Write out the listing below in full and exactly, leaving out every picture.

**DATA EXTRACT**
···

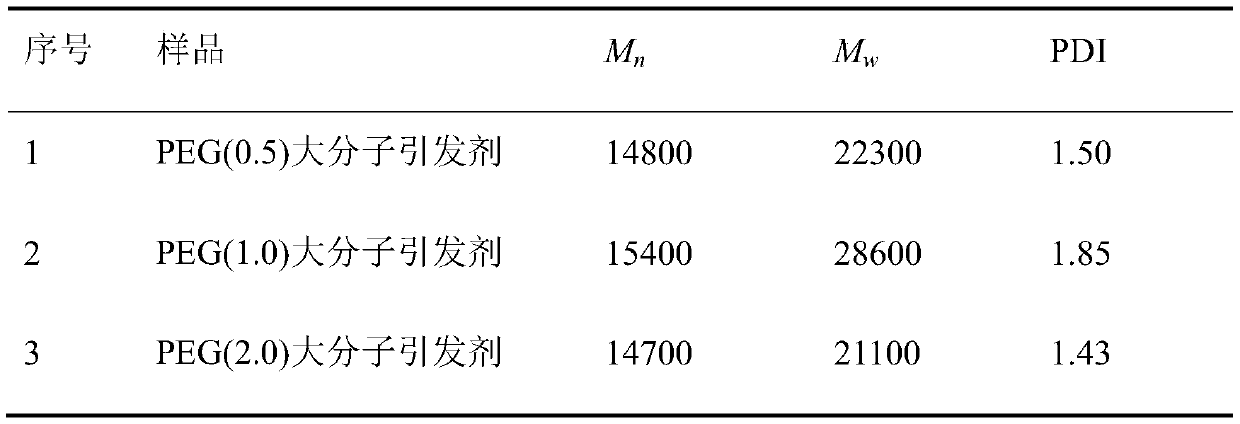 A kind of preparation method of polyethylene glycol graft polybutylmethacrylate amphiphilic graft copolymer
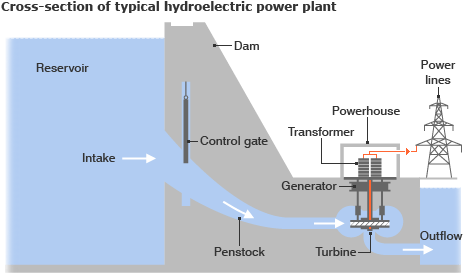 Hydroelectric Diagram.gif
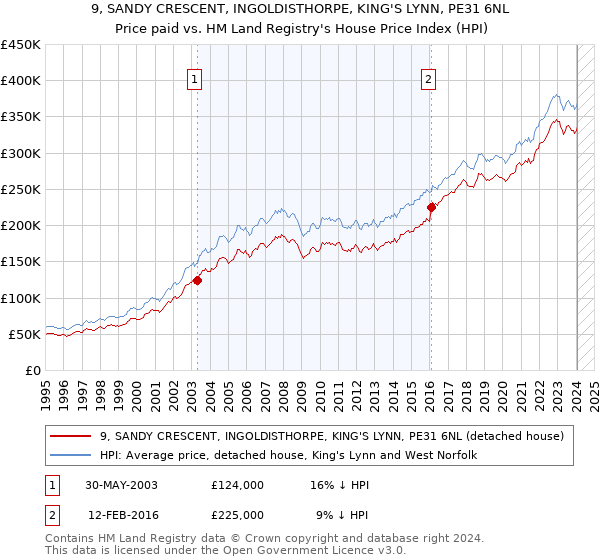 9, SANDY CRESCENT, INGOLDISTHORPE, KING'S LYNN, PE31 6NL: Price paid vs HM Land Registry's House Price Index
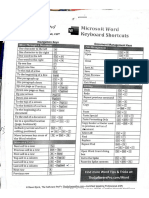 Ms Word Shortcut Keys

···

**SOLUTION BELOW**
 A kind of preparation method of polyethylene glycol graft polybutylmethacrylate amphiphilic graft copolymer
 Hydroelectric Diagram.gif
 9, SANDY CRESCENT, INGOLDISTHORPE, KING'S LYNN, PE31 6NL: Price paid vs HM Land Registry's House Price Index
 Ms Word Shortcut Keys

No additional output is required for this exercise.